令和6年4月1日から4月21日にかけて、大本山總持寺では太祖瑩山紹瑾禅師七〇〇回大遠忌本法要が厳修されます。大遠忌とは曹洞宗では大本山永平寺御開山高祖道元禅師、二祖孤雲懐奘禅師、大本山總持寺御開山太祖瑩山禅師、二祖峨山紹碩禅師の四名の祖師方について営まれる報恩行で、50年に一度行われ、長期にわたって行われる大法要とともに、大規模な伽藍整備が進められます。
この度の七〇〇回大遠忌では、法要としては、中心となる本法要の他、予修法要、慶讃法要と、2年間にわたって法要が営まれます。

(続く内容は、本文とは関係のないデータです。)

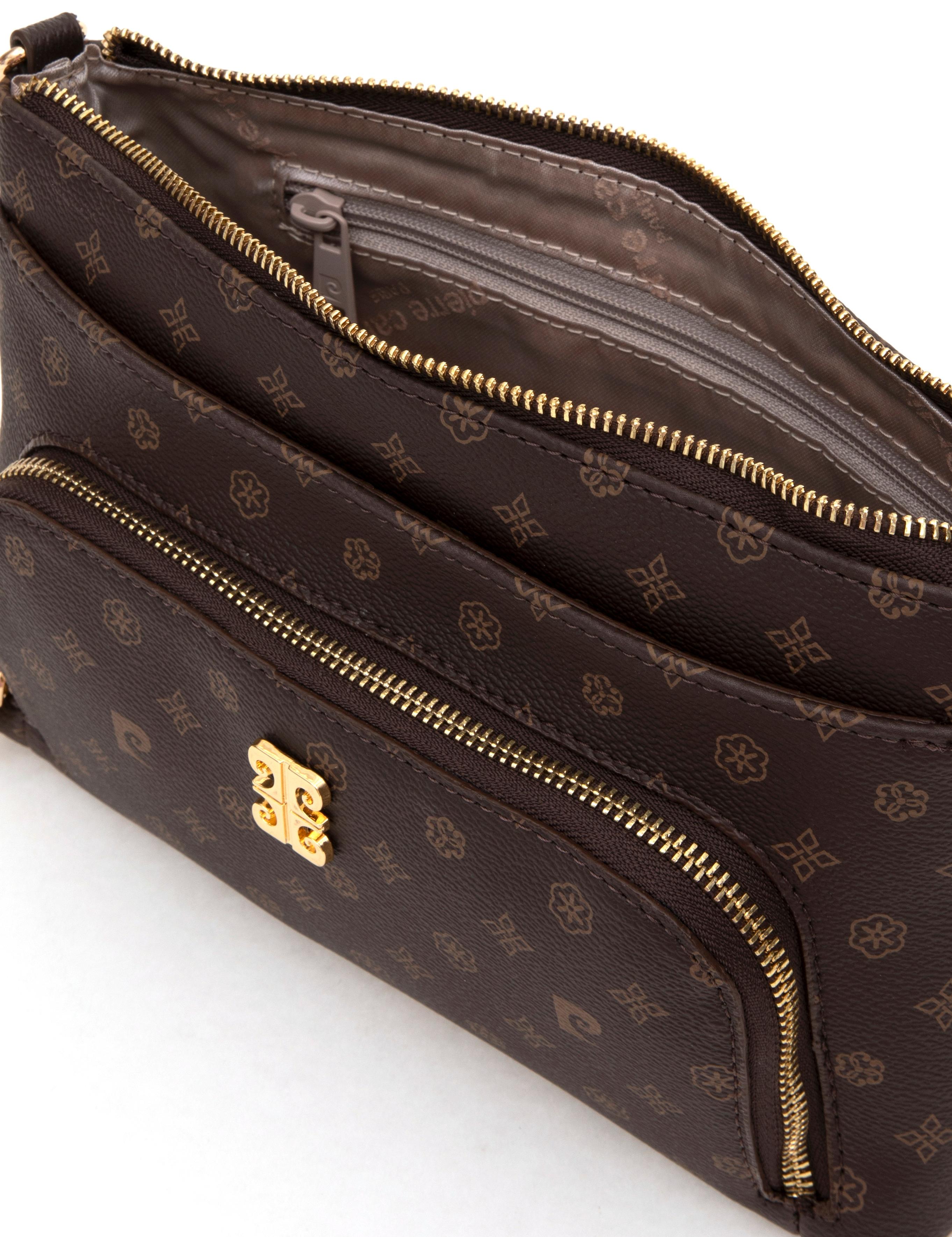 Kahverengi Omuz Çantası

また、伽藍整備としては耐震補強が中心となり、峨山禅師六五〇回大遠忌からの継続となりますが、10年以上もの長期にわたって行われこの3月にはすべてが完成し、3月25日に落慶法要が営まれました。数々の伽藍整備は、これから50年後100年後を見据えての大切な事業となっています。

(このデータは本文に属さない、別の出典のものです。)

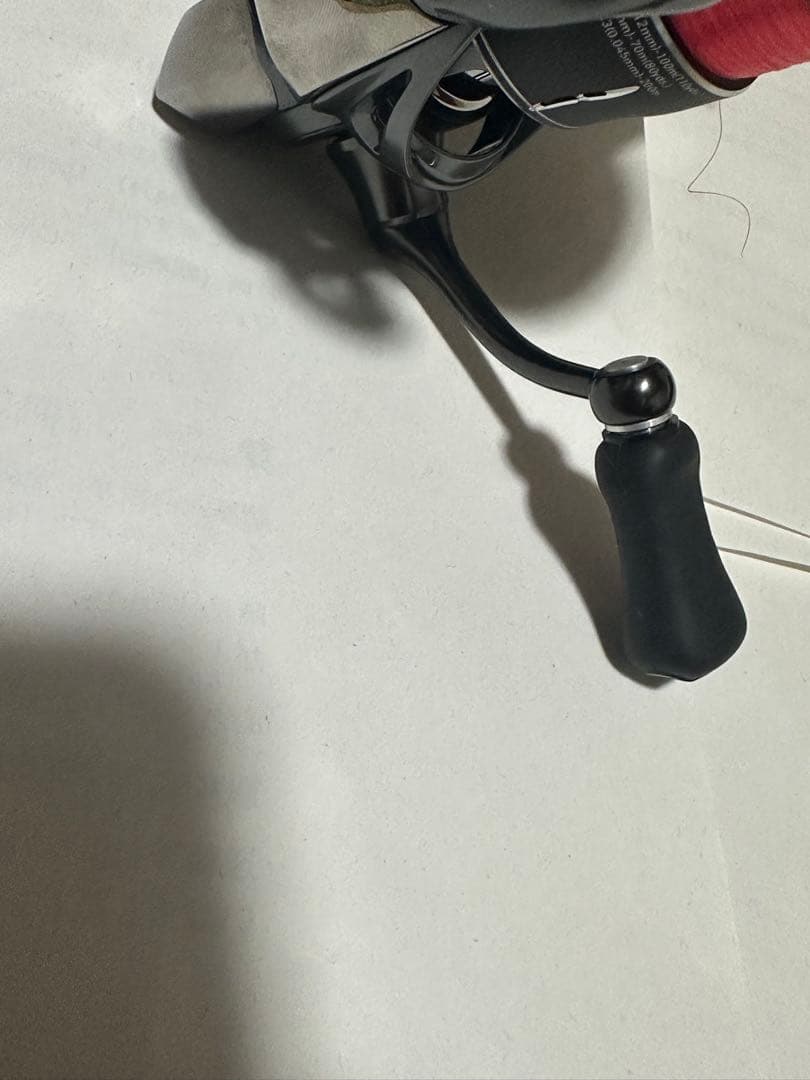 【新品未使用】ダイワ 24ルビアス ST SF2000SS-P ライン巻きのみ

この度の大遠忌を修行する意味は、總持寺に集うもの皆が、御開山瑩山禅師がどのような願をもって總持寺を開創されたかを明らかにし、その願いを未来永劫相承し受け継ぎ伝えていくことを約束することだと私は思っています。
瑩山禅師は夢で見られた事柄を、神仏の暗示としてとても大切なことと思っておられたと伝えられています。瑩山禅師の語録にも夢のお告げの話しは、随所に記述されています。

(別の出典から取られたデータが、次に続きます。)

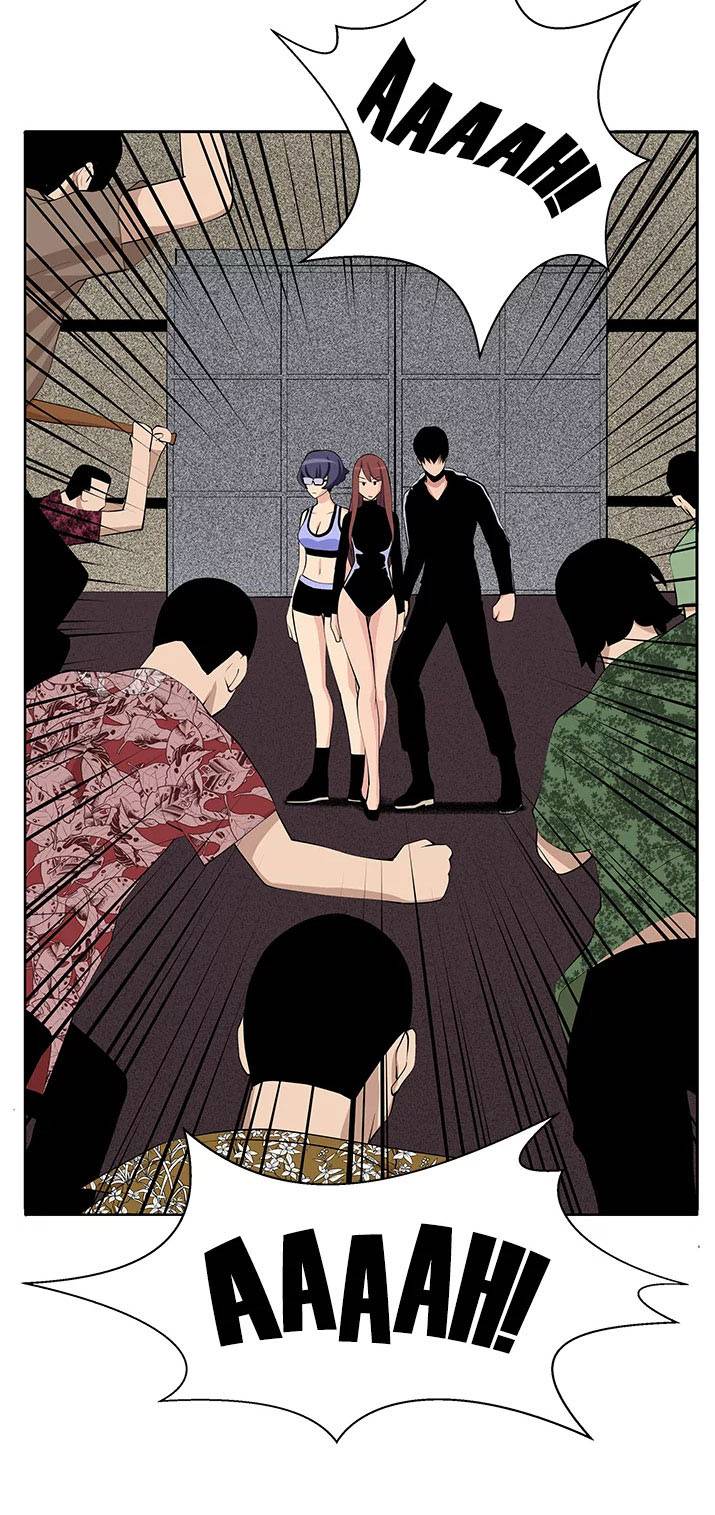Cạm Bẫy - Venus Mantrap - Chapter 31 trang 21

夢のことを持ち出すと、現代では科学的ではないと真っ向から否定される方もいるようですが、深層心理という観点では、たいへん重要な意味を持つものとされます。鎌倉時代前期に活躍された華厳宗の明恵上人はご自分の見た夢を漏らさず日記として記録されておられました。その日記は、今日の心理学で、深層心理を研究するための貴重な資料となっています。
瑩山禅師は、我が国に伝わった曹洞宗の正統性を証明するために、永光寺に五老峯を造成することを計画されました。そのことについてある方から忠告を受けられたそうです。「本堂より高いところに何かを造成すると、そのお寺は廃れてしまう」という忠告でした。当時としては、とても重要な忠告でしたが、どうしても五老峯を完成させたかった瑩山禅師は、その判断を夢に託されたと伝えられています。待つこと二か月、とうとうある夢を見られました。それは、瑩山禅師がすでにご遷化されてしまっている後の、檀信徒でにぎわうお寺の姿でした。禅師はその夢の様子を和歌にしておられます。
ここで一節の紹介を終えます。